*** Data excerpts Section Begins ***
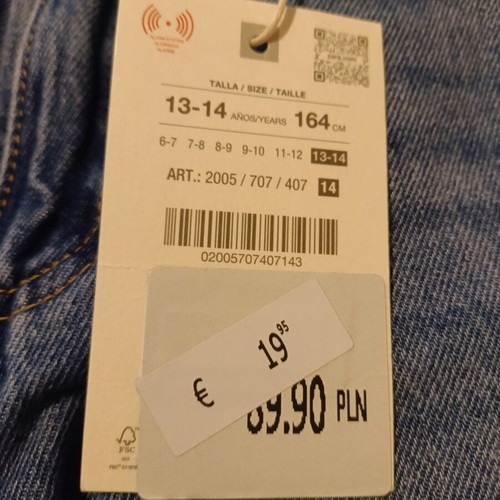 Zara Kids Baggy Jeans Unisex 13-14 Years 164 cm New Blue
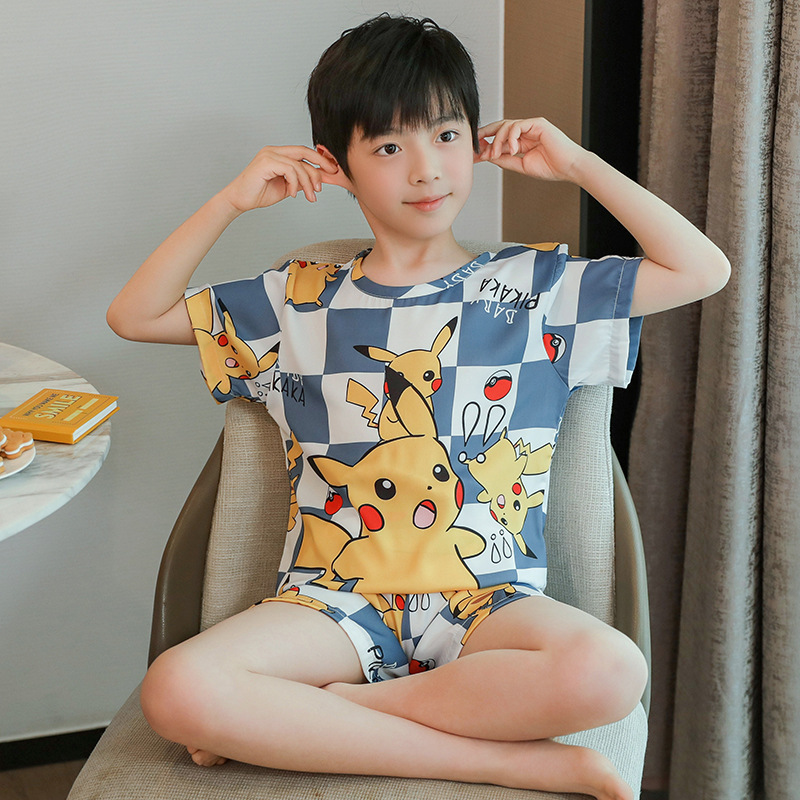 Picture of Children's Pajamas Boy's Summer Ice Silk Boy's Silk New Thin Short-sleeved Home Clothes suit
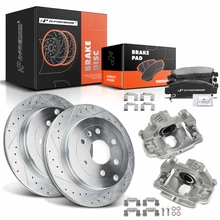 8 Pcs Rear Drilled Brake Rotors & Pads + Brake Calipers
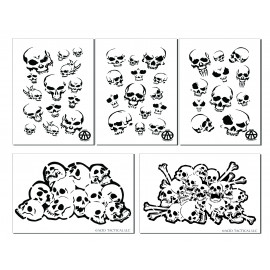 Mylar Skull Spray Painting Stencils RC Model Gun Airbrush Skulls Mask 5 DESIGNS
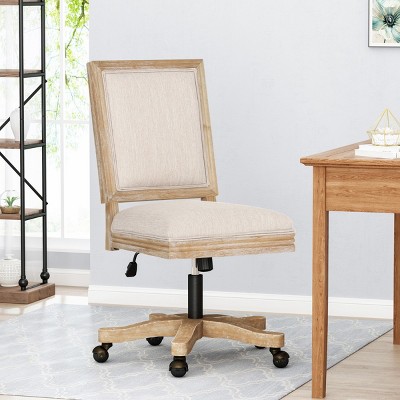 Swivel Office Chair with Rolling Caster and Height Adjustment,French Country Office Chair,Wooden Chair for Home Workspace-Cuddlewood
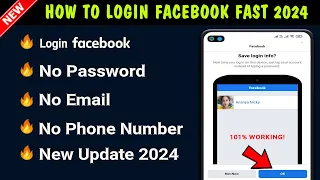 New!!🔥 How to Login Facebook without Email and Phone number UPDATED METHOD 2024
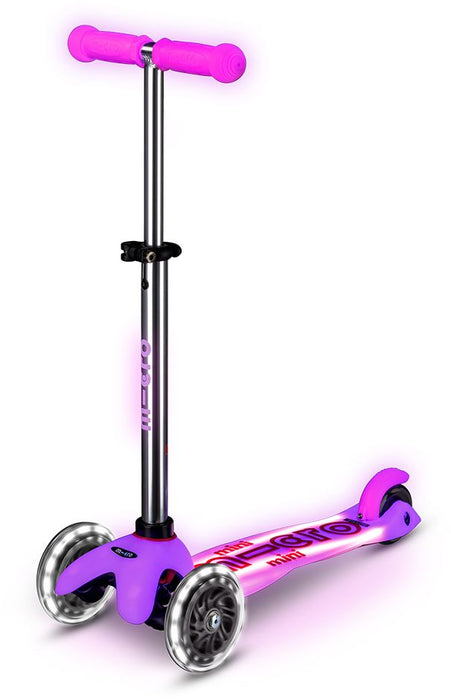 Children's scooter Micro - Mini Deluxe, Glow LED Plus, Frosty Pink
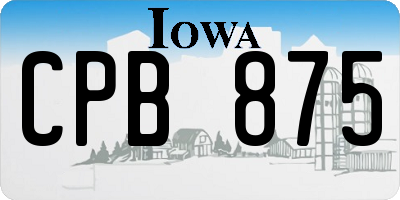 IA license plate CPB875
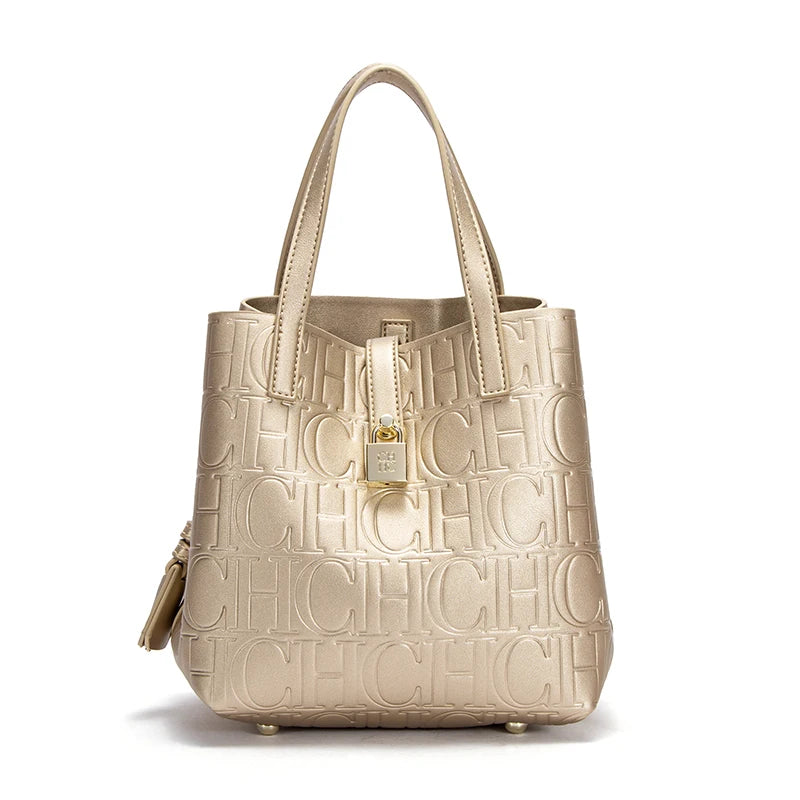 Large Capacity Women's Tote Bag with Monogram Embossed Design
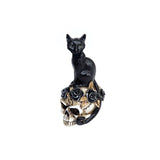 1.5" Miniature Skull Statue - Black Cat - Magick Magick.com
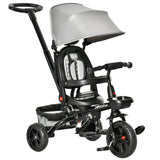 4 - In - 1 Adjustable Grey Baby Tricycle With Safety Features - Dreamtide - Omega Lifestyles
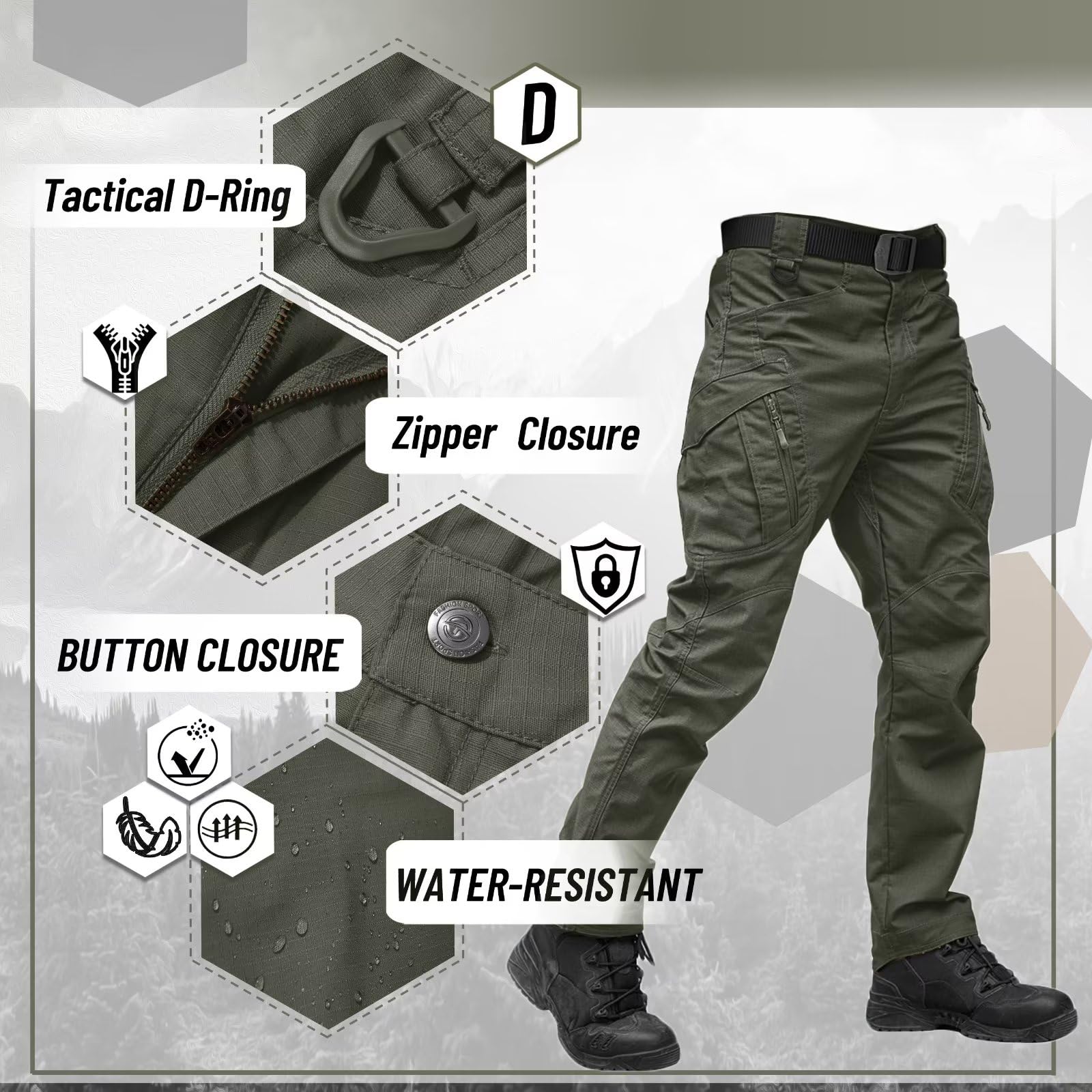 TACVASEN Men's Tactical Cargo Pants - 9-Pocket Lightweight Hiking & Work Pants for Construction, Water Resistant Outdoor Activities, Camping and Hiking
*** Data excerpts Section Ends ***
You are asked to output the records precisely as they appear, minus any pictures.

 Zara Kids Baggy Jeans Unisex 13-14 Years 164 cm New Blue
 Picture of Children's Pajamas Boy's Summer Ice Silk Boy's Silk New Thin Short-sleeved Home Clothes suit
 8 Pcs Rear Drilled Brake Rotors & Pads + Brake Calipers
 Mylar Skull Spray Painting Stencils RC Model Gun Airbrush Skulls Mask 5 DESIGNS
 Swivel Office Chair with Rolling Caster and Height Adjustment,French Country Office Chair,Wooden Chair for Home Workspace-Cuddlewood
 New!!🔥 How to Login Facebook without Email and Phone number UPDATED METHOD 2024
 Children's scooter Micro - Mini Deluxe, Glow LED Plus, Frosty Pink
 IA license plate CPB875
 Large Capacity Women's Tote Bag with Monogram Embossed Design
 1.5" Miniature Skull Statue - Black Cat - Magick Magick.com
 4 - In - 1 Adjustable Grey Baby Tricycle With Safety Features - Dreamtide - Omega Lifestyles
 TACVASEN Men's Tactical Cargo Pants - 9-Pocket Lightweight Hiking & Work Pants for Construction, Water Resistant Outdoor Activities, Camping and Hiking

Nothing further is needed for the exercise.